The stock market is up “very, very big today” and the “tax cuts are really kicking in far beyond what anyone thought,” President Trump said last week, making an illogical cause-and-effect connection between the two. He also touted the latest jobs report. During the week, he claimed the gain in market value was due to his actions over the first seven months of his presidency and also asserted he was reducing debt. Fake news. Fake news.
Yes, the stock market hit new highs last year and every day of the first week of the new year. And, yes, according to one index, unemployment went down to 4.1 percent. But let’s pull back the curtain on the data that the President hails to create the world according to Donald Trump.
If you have money in the market, you doubtless feel pretty good about the Dow, up 25 percent for equities last year. And it’s not just the ultra rich who have a stake in the market. Thirty-two percent of workers have 401K’s through their employers and 15 percent have IRA’s. However, some 45 percent of working households have no retirement savings. And it’s the wealthiest ten percent of the population who own 90 percent of all the stocks and benefit from this metric of Trump’s self-proclaimed success.

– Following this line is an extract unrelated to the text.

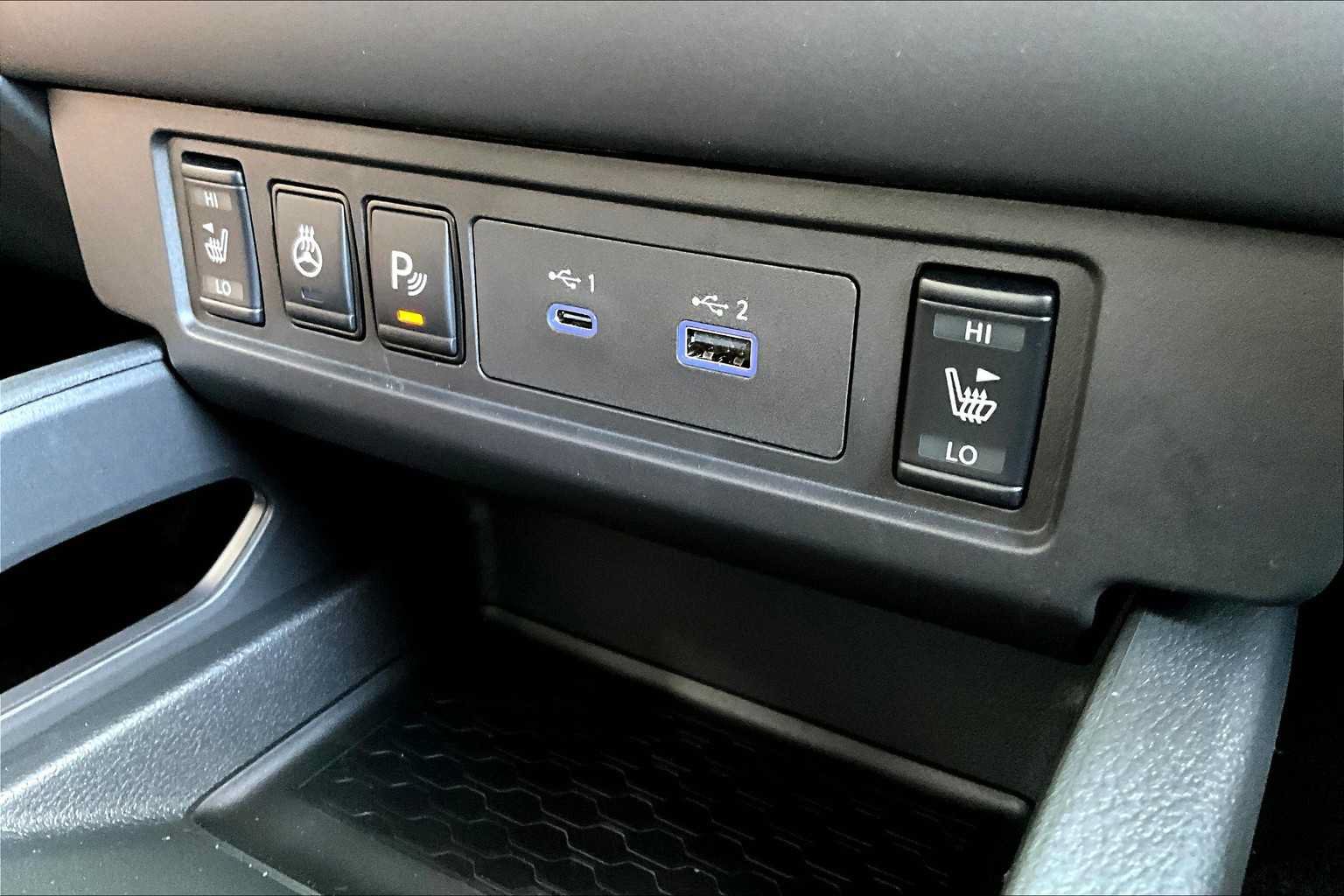 Used 2026 Nissan Frontier SV w/ All-Weather Content Package RWD image 19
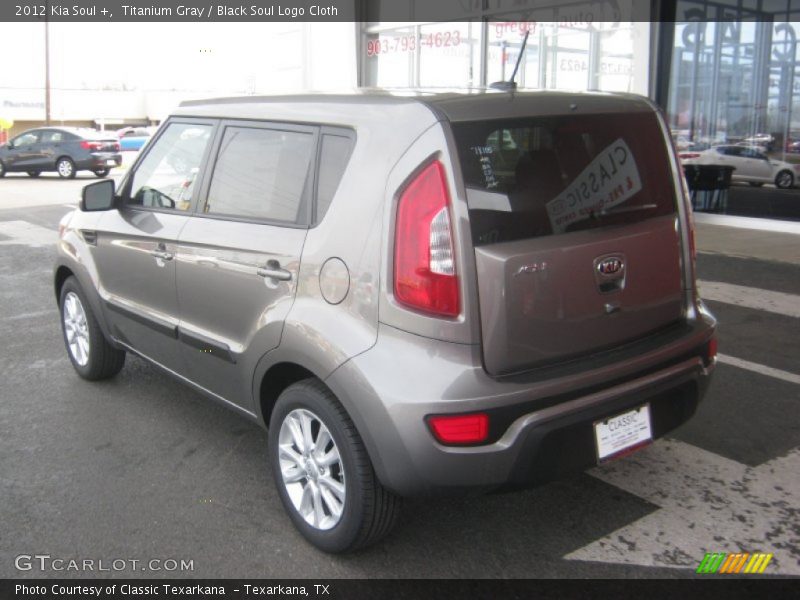 Titanium Gray / Black Soul Logo Cloth 2012 Kia Soul +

Whatever President is in office, he will take credit for any good economic news. In 2016, candidate Donald Trump derided as “totally fiction” the five percent unemployment asserted by the Obama administration, claiming the real rate was 42 percent if you counted people underemployed or those who had dropped out of the workforce altogether. This was a wild exaggeration, but taking those factors into consideration, the real unemployment under Obama was probably more than 11 percent, more than twice the rate credited.
Now that Donald Trump is President, he is happy to embrace the announcement of 4.1 percent unemployment. Suddenly, underemployment (the “marginally attached”) no longer matters; nor do the many who have just given up looking for work. Including these numbers would push unemployment under Trump more than eight percent.
Labor force participation is now at 62.7 percent, slightly down from when Trump was inaugurated, and wages have grown just 60 cents an hour at a time when the economy is booming.
Trump campaigned on a pledge to increase manufacturing and coal industry jobs. Both of these are up 1.6 percent in the last year, not bad but definitely not great. Meanwhile, the trade deficit in the same period increased more than ten percent, and the budget deficit has also gone up. These two deficits have not made it into Trump’s tweets.
Many of today’s data points are trending in the right direction but point to a recovery that began under Barack Obama and is continuing under Donald Trump. When an inevitable market correction comes, perhaps later this year, will Trump embrace the downturn as his own. Let’s stick to the facts, Mr. President.
Most presidents bend the facts or use them selectively to shape their message. But, let’s remember, it was Donald Trump who proudly embraced the usefulness of mendacity as “truthful hyperbole” in his book The Art of the Deal. And he has told an unprecedented number of outright lies (and here they are).
When Trump hears news stories he doesn’t like, it’s “lies, just lies” or “fake news.” To his unqualified self-congratulatory views of his role in the economy, I just say “it’s sad. so sad.”